■ **Required work**:
A verbatim copy of the data is wanted, minus any picture in it.

■ **Entries supplied**:

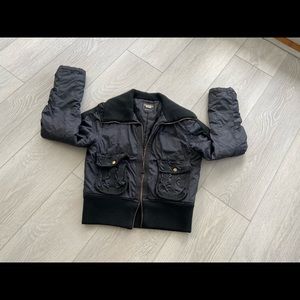 Woman’s Guess Black Jacket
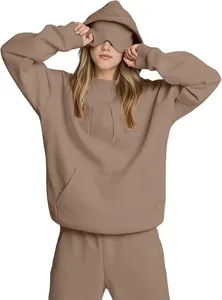 Unisex oversized σετ φούτερ σε χρώμα taupe με ενσωματωμένη μάσκα ματιών στην κουκούλα του.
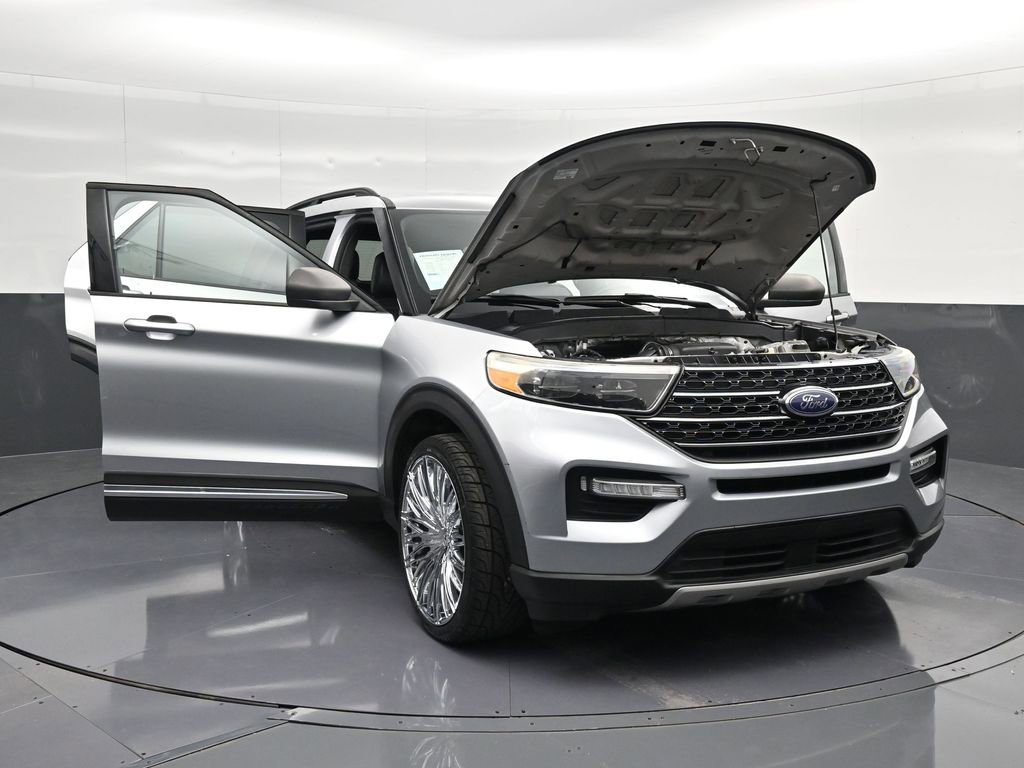 Used 2020 Ford Explorer XLT w/ Equipment Group 202A RWD image 33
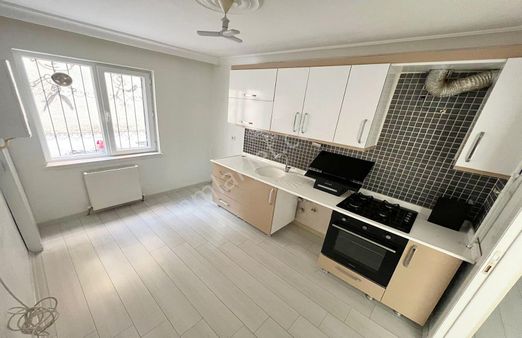 Atapqrk Ta 3+1 Yuksekgırıs Satılık Daıre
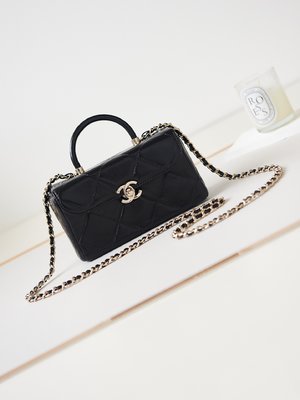 Chanel High Crossbody & Shoulder Bags Fall/Winter Collection Fashion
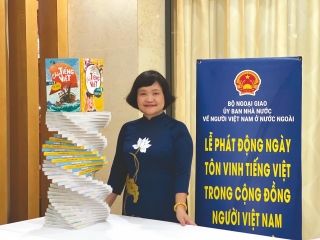 Nặng lòng với tiếng Việt cho người xa xứ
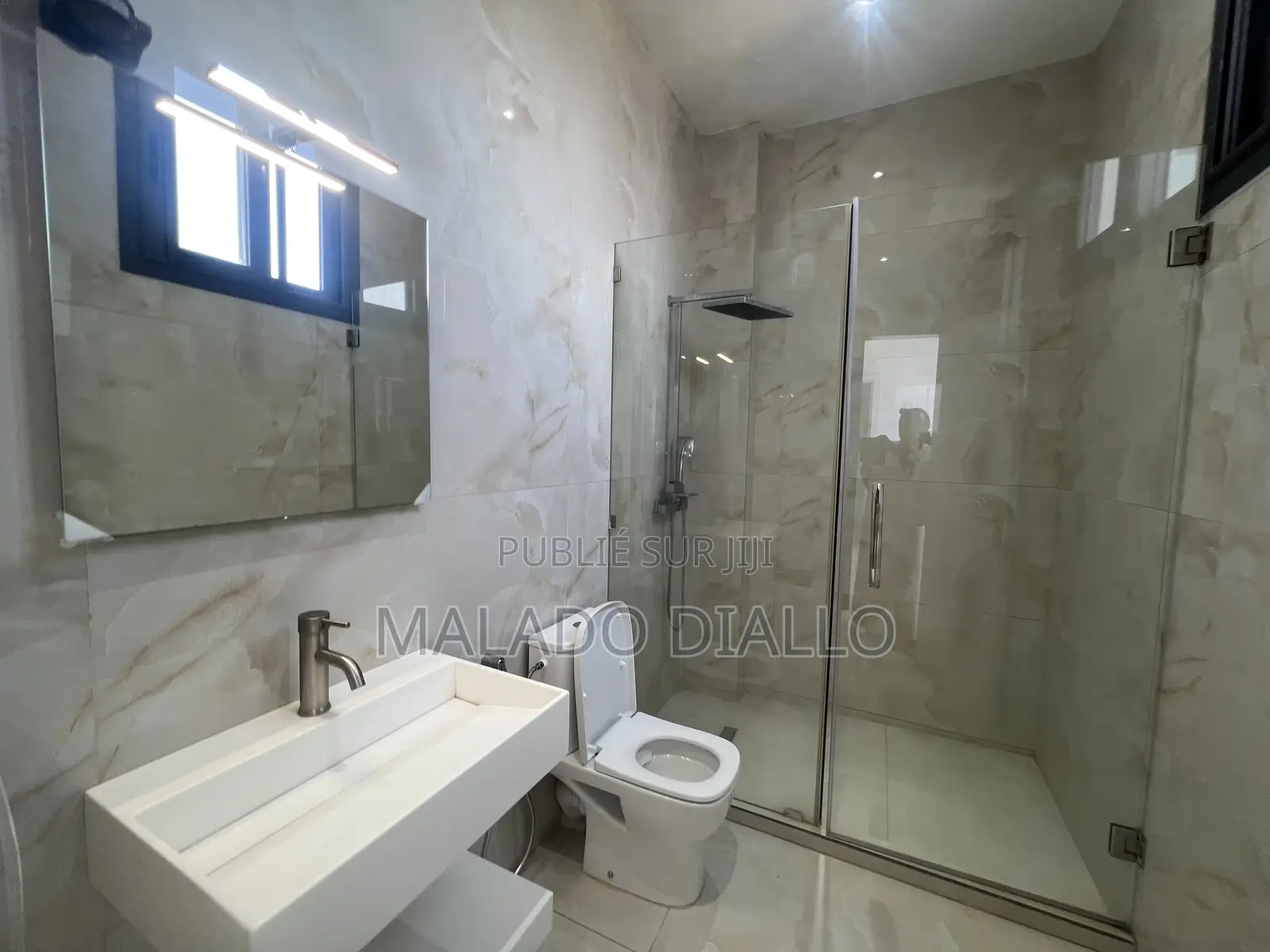 3chbre Appartement dans Buildings Africa, Ouakam à Louer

■ **Exercise result**:
 Woman’s Guess Black Jacket
 Unisex oversized σετ φούτερ σε χρώμα taupe με ενσωματωμένη μάσκα ματιών στην κουκούλα του.
 Used 2020 Ford Explorer XLT w/ Equipment Group 202A RWD image 33
 Atapqrk Ta 3+1 Yuksekgırıs Satılık Daıre
 Chanel High Crossbody & Shoulder Bags Fall/Winter Collection Fashion
 Nặng lòng với tiếng Việt cho người xa xứ
 3chbre Appartement dans Buildings Africa, Ouakam à Louer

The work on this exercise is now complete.